List versions your eksctl supports:

eksctl utils describe cluster-versions

Create the cluster (omit --version to let eksctl pick a supported default):

eksctl create cluster \
--name "$CLUSTER_NAME" \
--region "$AWS_REGION" \
--managed

This keeps CoreDNS and operators off expensive GPU nodes.

eksctl create nodegroup \
--cluster "$CLUSTER_NAME" \
--region "$AWS_REGION" \
--name "system-ng" \
--node-type "m5.large" \
--nodes 2 --nodes-min 2 --nodes-max 3

Step 3 — Add a GPU nodegroup

eksctl create nodegroup \
--cluster "$CLUSTER_NAME" \
--region "$AWS_REGION" \
--name "gpu-ng-ubuntu" \
--node-type "p4d.24xlarge" \
--node-ami-family "Ubuntu2204" \
--install-nvidia-plugin=false \
--nodes 1 --nodes-min 1 --nodes-max 1 \
--node-labels "workload=gpu"

Apply a taint so only GPU workloads schedule there:

kubectl taint nodes -l workload=gpu nvidia.com/gpu=present:NoSchedule --overwrite

Step 4 — Install NVIDIA GPU Operator (MIG enabled)

helm repo add nvidia https://helm.ngc.nvidia.com/nvidia
helm repo update

helm upgrade --install gpu-operator nvidia/gpu-operator \
-n gpu-operator --create-namespace \
--set mig.strategy=single

Step 5 — Enable MIG profile on GPU node(s)

Check current MIG labels:

kubectl get nodes -l workload=gpu -o jsonpath='{range .items[*]}{.metadata.name}{"\t"}{.metadata.labels.nvidia\.com/mig\.capable}{"\t"}{.metadata.labels.nvidia\.com/mig\.config}{"\t"}{.metadata.labels.nvidia\.com/mig\.config\.state}{"\n"}{end}'

Apply MIG geometry:

kubectl label nodes -l workload=gpu nvidia.com/mig.config="$MIG_PROFILE_LABEL" --overwrite

Wait for success:

kubectl get nodes -l workload=gpu -o jsonpath='{range .items[*]}{.metadata.name}{"\t"}{.metadata.labels.nvidia\.com/mig\.config}{"\t"}{.metadata.labels.nvidia\.com/mig\.config\.state}{"\n"}{end}'

Step 6 — Create AMP workspace

aws amp create-workspace --alias "$AMP_ALIAS" --region "$AWS_REGION"
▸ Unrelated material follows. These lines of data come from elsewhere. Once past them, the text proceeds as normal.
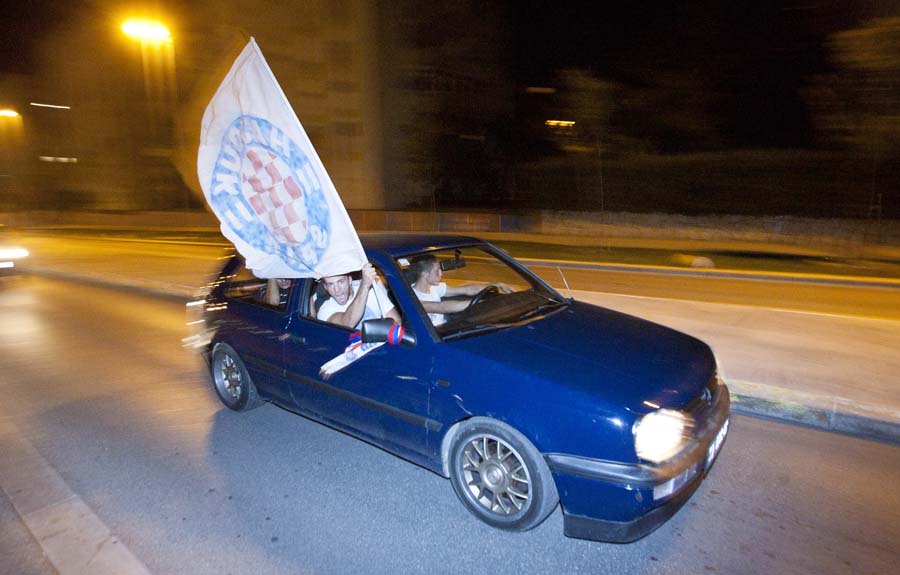 Split, 260815Uoci nogometne utakmice Hajduka i Slovana navijacka skupina Torcida organizirala je tradicionalni karusel gradskim ulicama.Foto: Jakov Prkic / CROPIX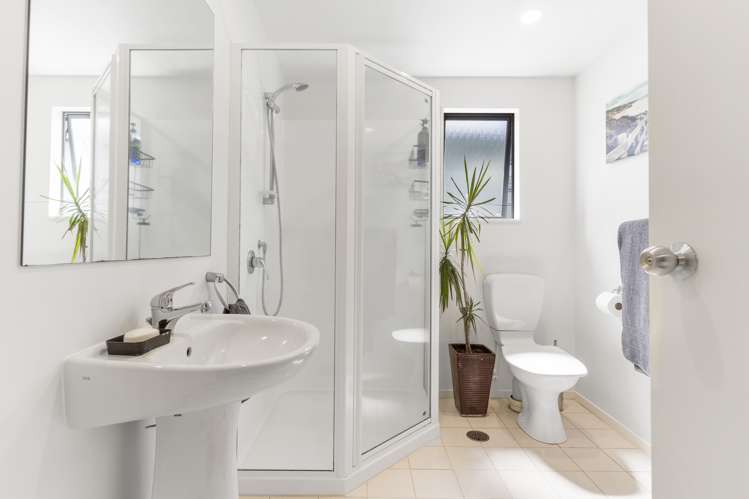 13/8 Soljak Place Mount Albert_11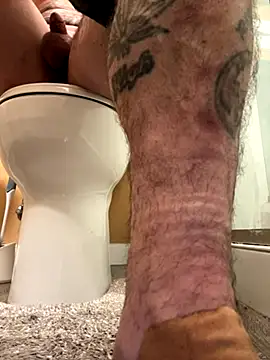 Snapshot of Crackkers chatting on 11/20/25, 05:51 Crackkers online show from 11/20/25, 05:51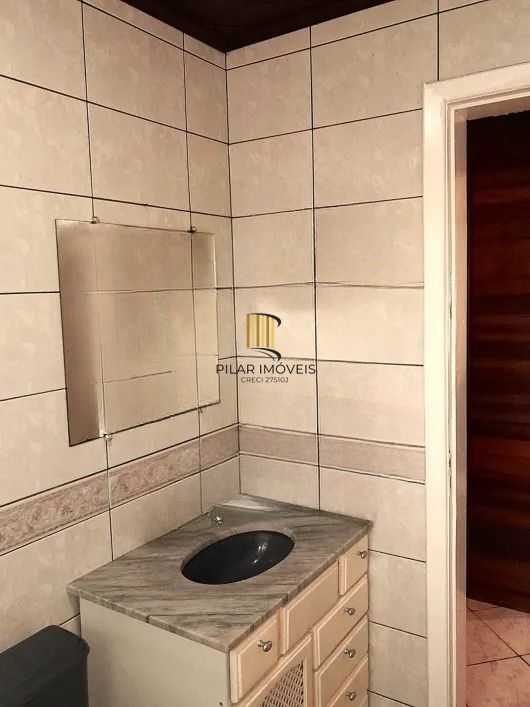 Casa com 3 Quartos e 3 banheiros à Venda, 387 m²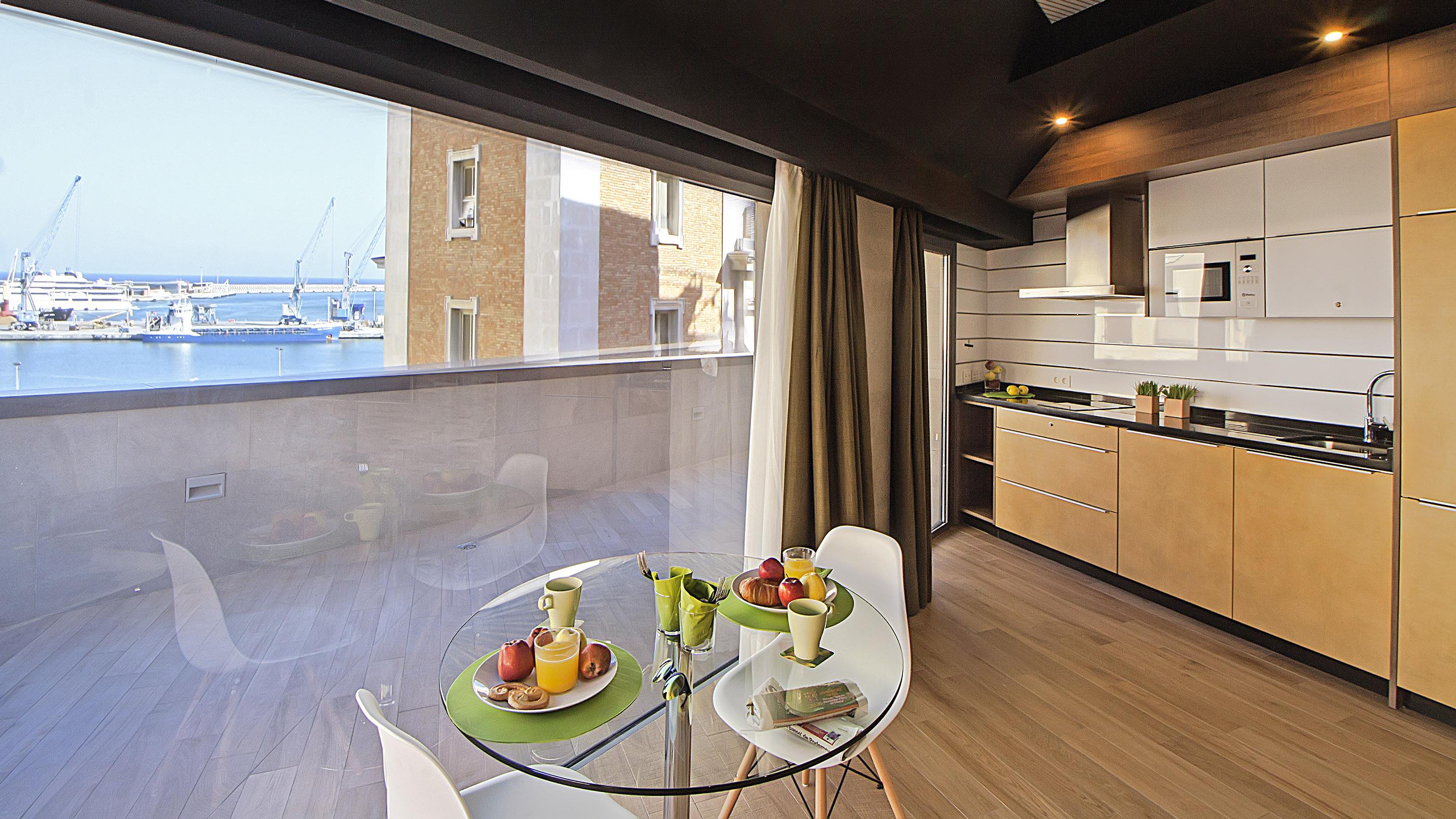 Apartamentos Suites Oficentro Deluxe Малага Экстерьер фото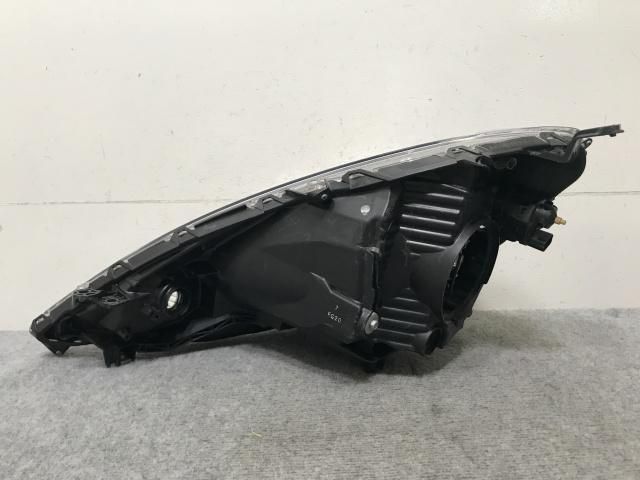 フィット GE6/GE7/GE8/GE9 純正 前期 右 ヘッドライト/ランプ キセノン
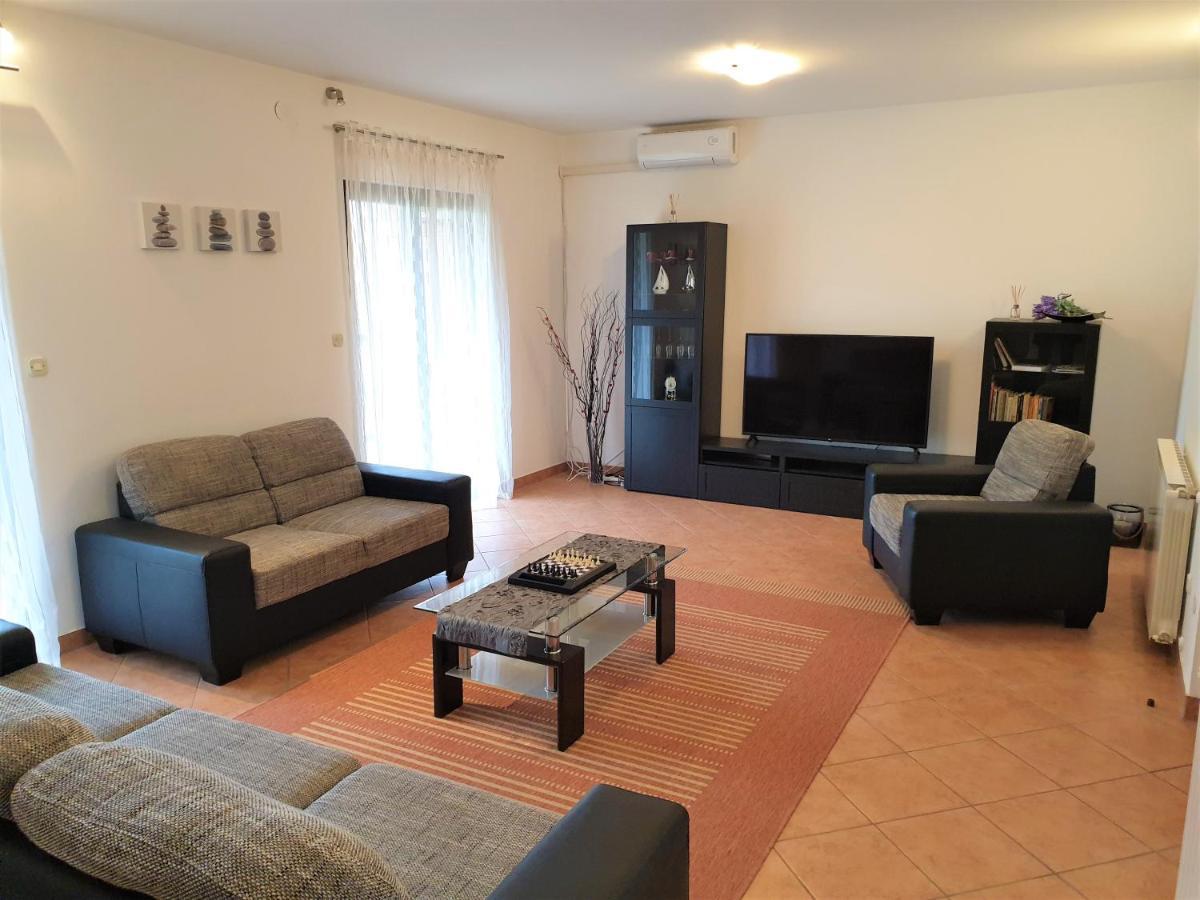 Elis Holiday home *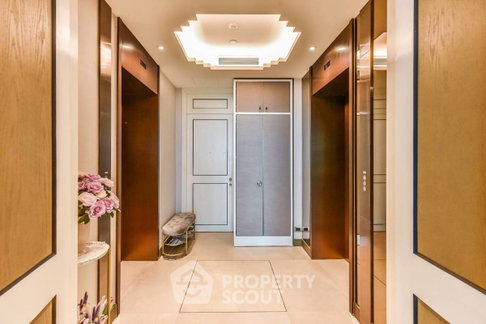 คอนโด 2 ห้องนอน ชั้น 40 The Residences At Mandarin Oriental ใกล้ BTS สะพานตากสิน (ID 3209944)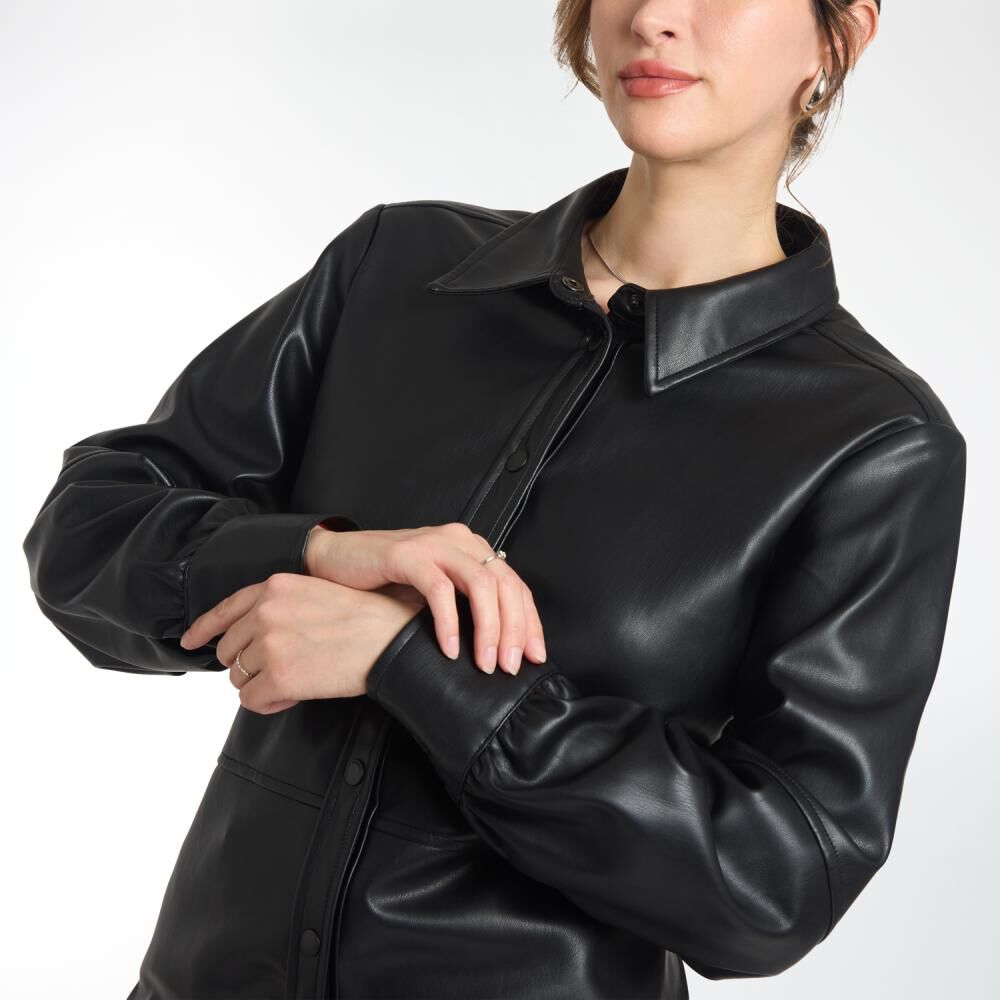 Chaqueta Ecocuero Con Broches Cuello Camisero Mujer Lesage image number 4.0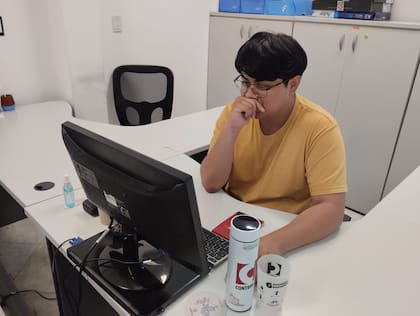 Tobías consiguió trabajo en una empresa de servicios de gas y petróleo y sigue estudiando en la universidad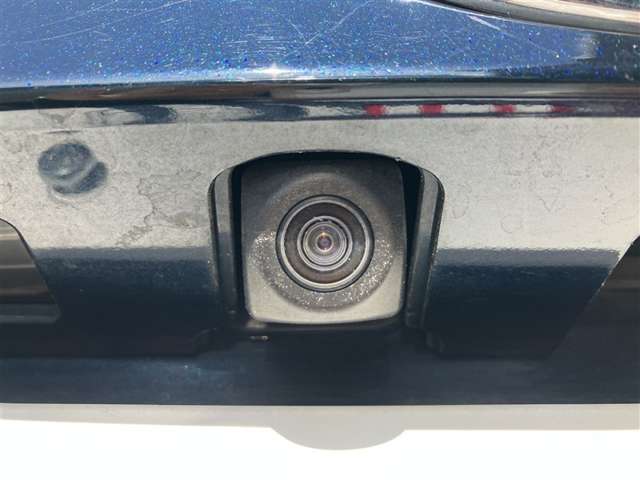 バックカメラ付いています。モニターと連動し車両後退時には後方の映像を映し出します。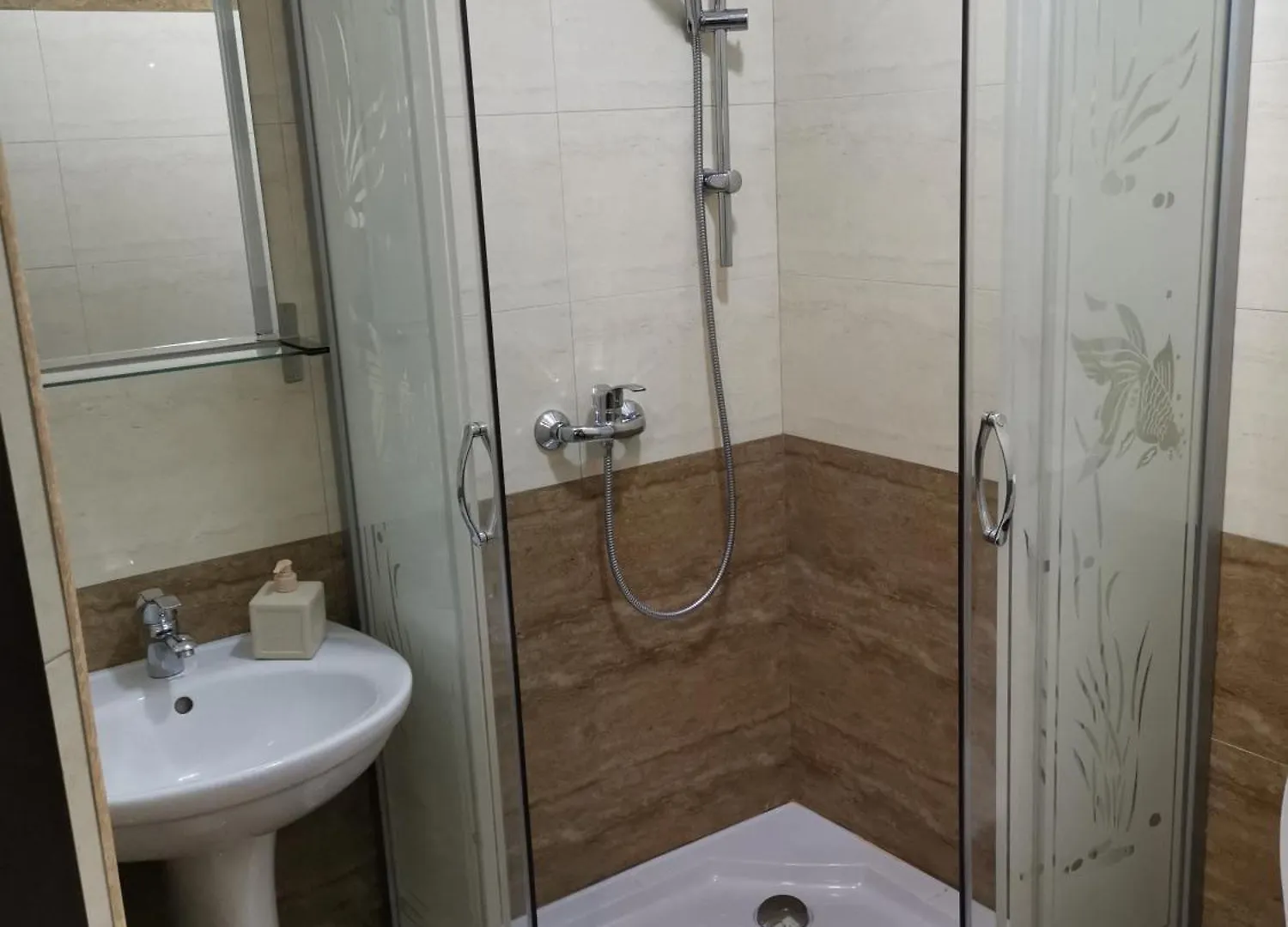 Joe Hostel Bucureşti 0*,  România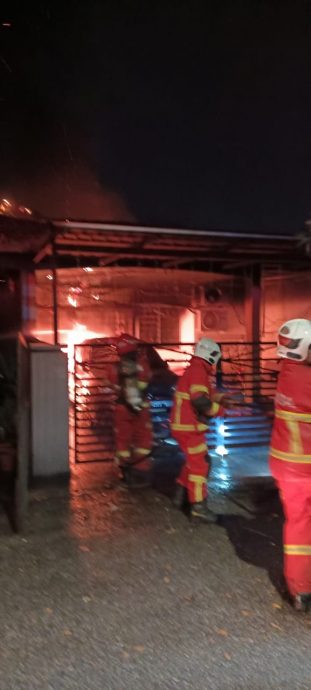 供星洲网/住宅凌晨火灾，一家五口吸入过多浓烟送院治疗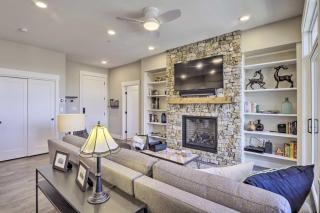 Winter Park Condo with Fireplace - 4 Mi to Slopes! - 5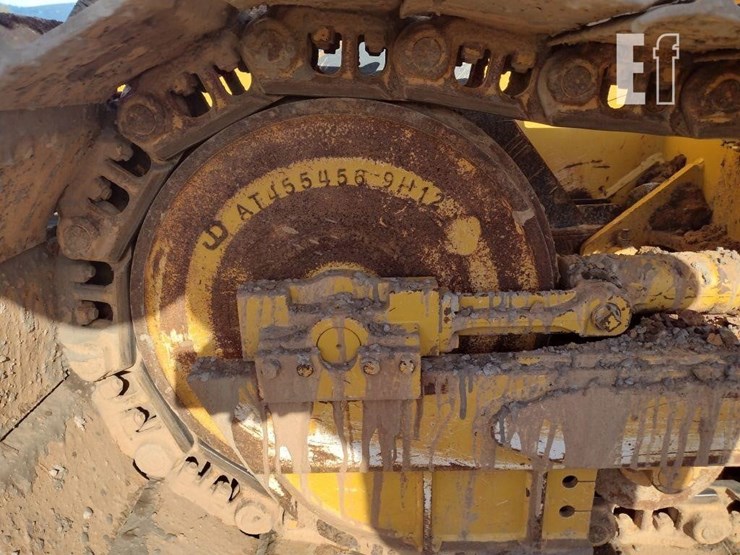 2021-deere-650k-lgp-image-28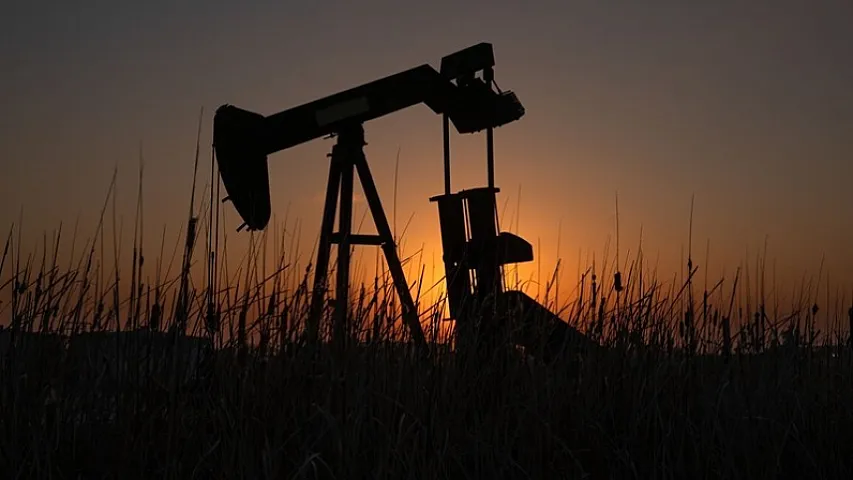 Neft qiymətləri dayanmır: Analitiklərdən yeni proqnoz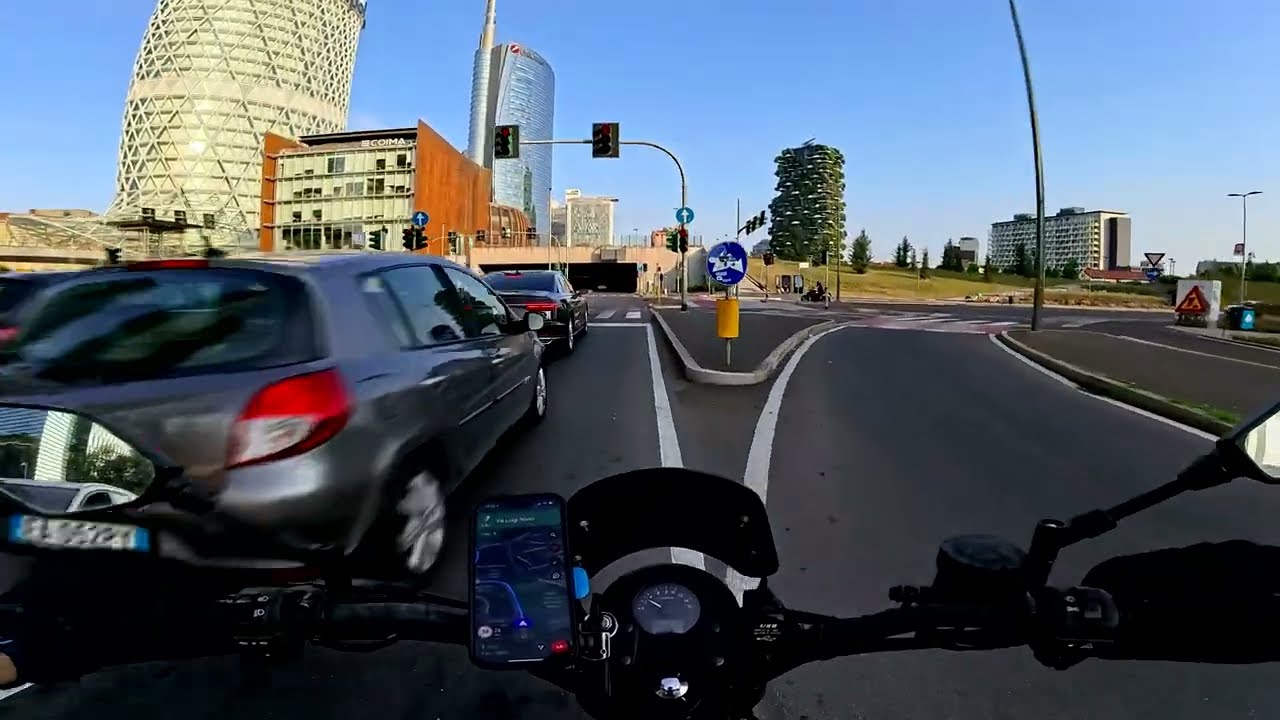 Brixton Cromwell 125 - Raw Sound - City Ride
export AMP_WORKSPACE_ID="$(aws amp list-workspaces --region "$AWS_REGION" --query "workspaces[?alias=='$AMP_ALIAS'].workspaceId | [0]" --output text)"
export AMP_ENDPOINT="$(aws amp describe-workspace --workspace-id "$AMP_WORKSPACE_ID" --region "$AWS_REGION" --query "workspace.prometheusEndpoint" --output text)"

echo "$AMP_WORKSPACE_ID"
echo "$AMP_ENDPOINT"

Step 7 — IRSA for ingest + query

eksctl utils associate-iam-oidc-provider \
--cluster "$CLUSTER_NAME" \
--region "$AWS_REGION" \
--approve

eksctl create iamserviceaccount \
--cluster "$CLUSTER_NAME" --region "$AWS_REGION" \
--name amp-ingest --namespace observability \
--attach-policy-arn arn:aws:iam::aws:policy/AmazonPrometheusRemoteWriteAccess \
--approve --override-existing-serviceaccounts

eksctl create iamserviceaccount \
--cluster "$CLUSTER_NAME" --region "$AWS_REGION" \
--name amp-query --namespace observability \
--attach-policy-arn arn:aws:iam::aws:policy/AmazonPrometheusQueryAccess \
--approve --override-existing-serviceaccounts

Step 8 — Install kube-state-metrics

helm repo add prometheus-community https://prometheus-community.github.io/helm-charts
helm repo update

helm upgrade --install kube-state-metrics prometheus-community/kube-state-metrics \
-n kube-system

Step 9 — Deploy OTel collector (Prometheus scrape → AMP remote_write)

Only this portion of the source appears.